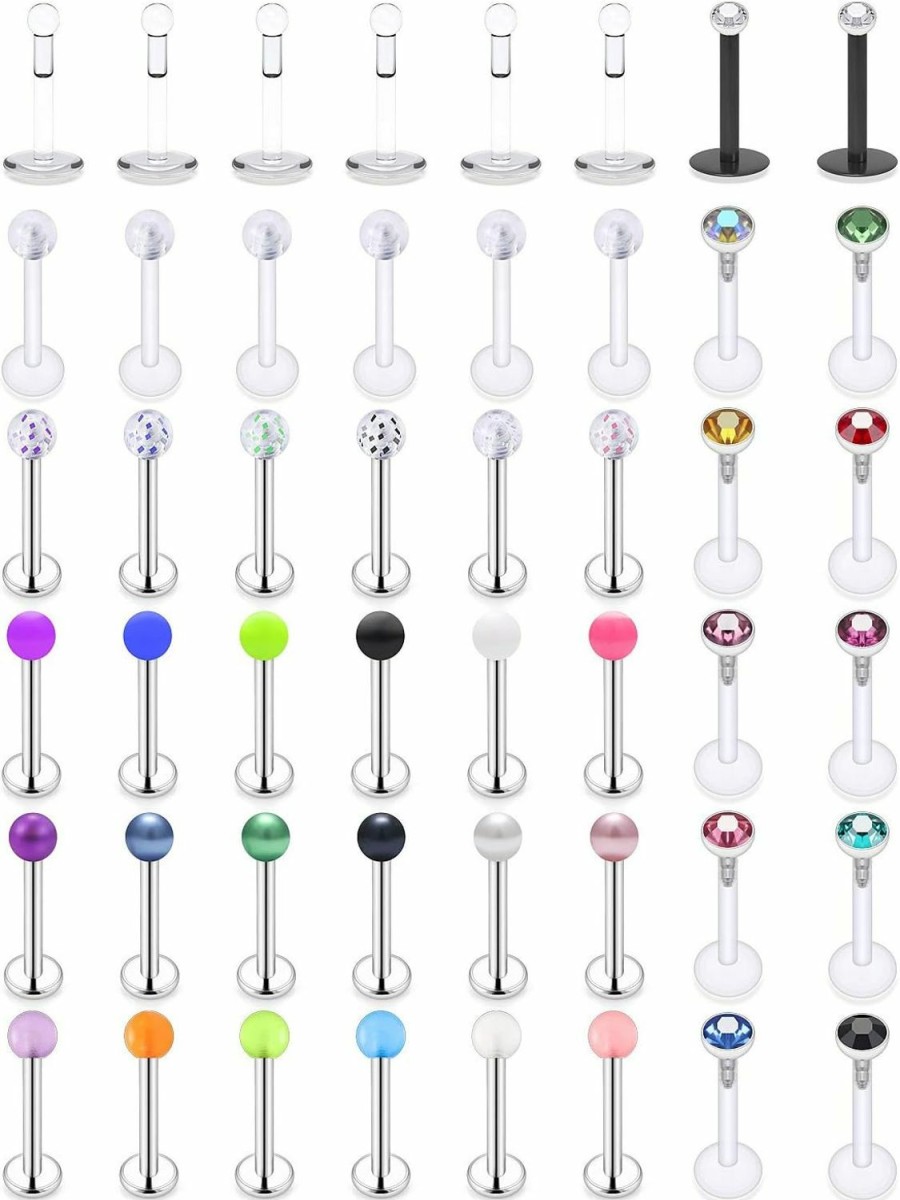 SCERRING Scerring 16G Lip Rings Labret Monroe Lip Rings Nail Tragus Helix Earrings Studs Ring Medusa Piercing Jewelry Retainer 8Mm 48Pcs | Body Piercing Barbells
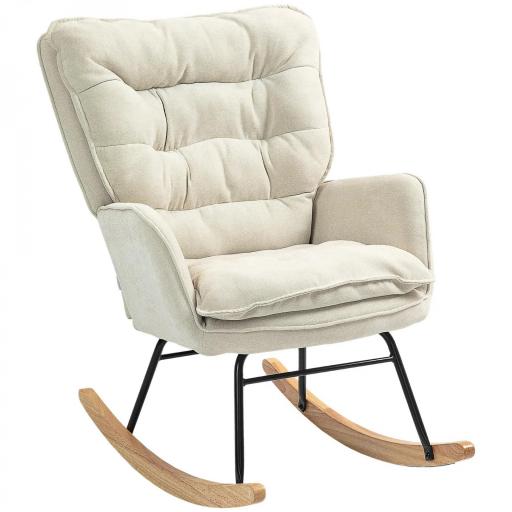 Silla Mecedora con Patas de Madera de Haya y Reposabrazos Mecedora para Lactancia Carga 120 kg para Dormitorio Beige [8]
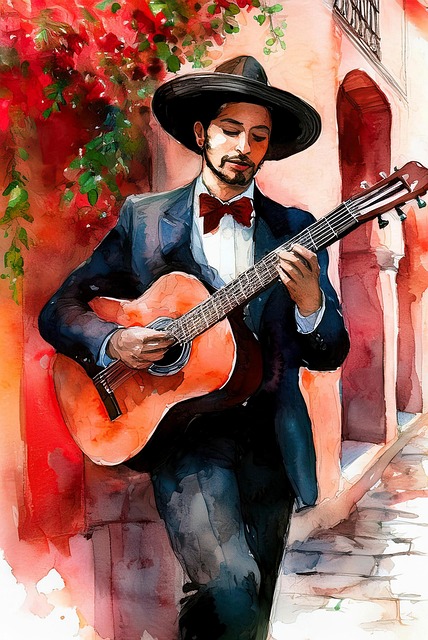 Free ai generated man guitar illustration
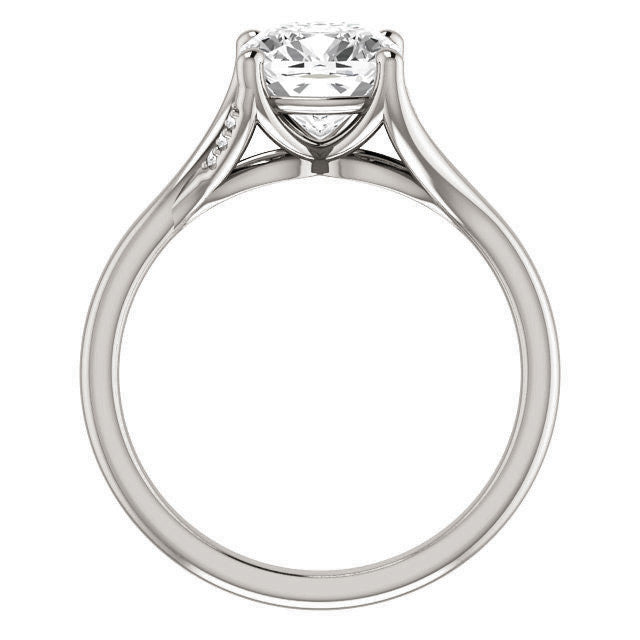 Cushion Split Shank Accented Cathedral Moissanite Engagement Ring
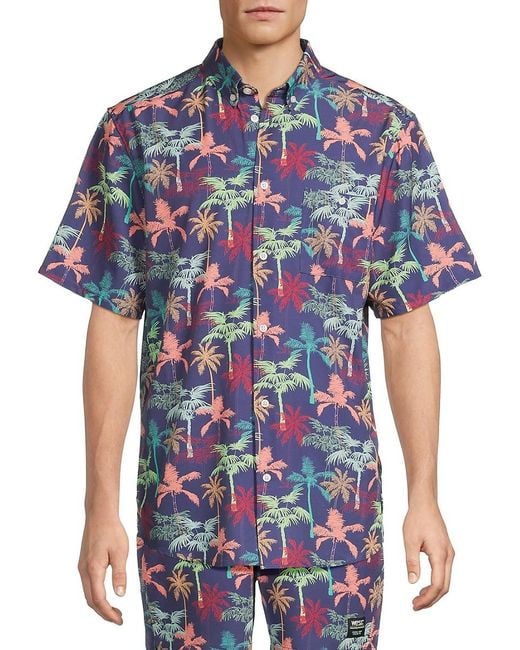 Wesc Blue Oden Palm Print Button-Front Shirt for men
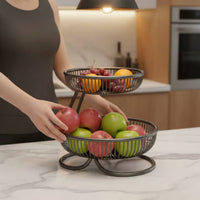 No Assembly Required Countertop Fruit Stand Space-Saving Tiered Fruit Basket High Capacity Multi-Layer Serving Stand Stable & Sturdy for Living Room, Dining Table, Party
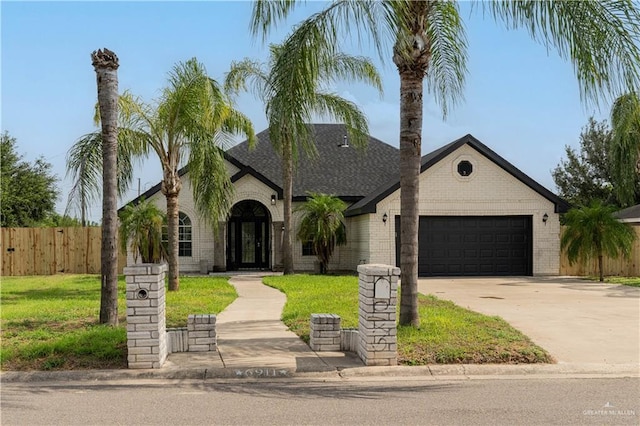 view of front facade with a front lawn and a garage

# # # # # # #

# [Requirement]
Reproduce every record word for word. The copy must contain no pictures.

# [Reply]
 SCERRING Scerring 16G Lip Rings Labret Monroe Lip Rings Nail Tragus Helix Earrings Studs Ring Medusa Piercing Jewelry Retainer 8Mm 48Pcs | Body Piercing Barbells
 Silla Mecedora con Patas de Madera de Haya y Reposabrazos Mecedora para Lactancia Carga 120 kg para Dormitorio Beige [8]
 Free ai generated man guitar illustration
 Cushion Split Shank Accented Cathedral Moissanite Engagement Ring
 Wesc Blue Oden Palm Print Button-Front Shirt for men
 No Assembly Required Countertop Fruit Stand Space-Saving Tiered Fruit Basket High Capacity Multi-Layer Serving Stand Stable & Sturdy for Living Room, Dining Table, Party
 view of front facade with a front lawn and a garage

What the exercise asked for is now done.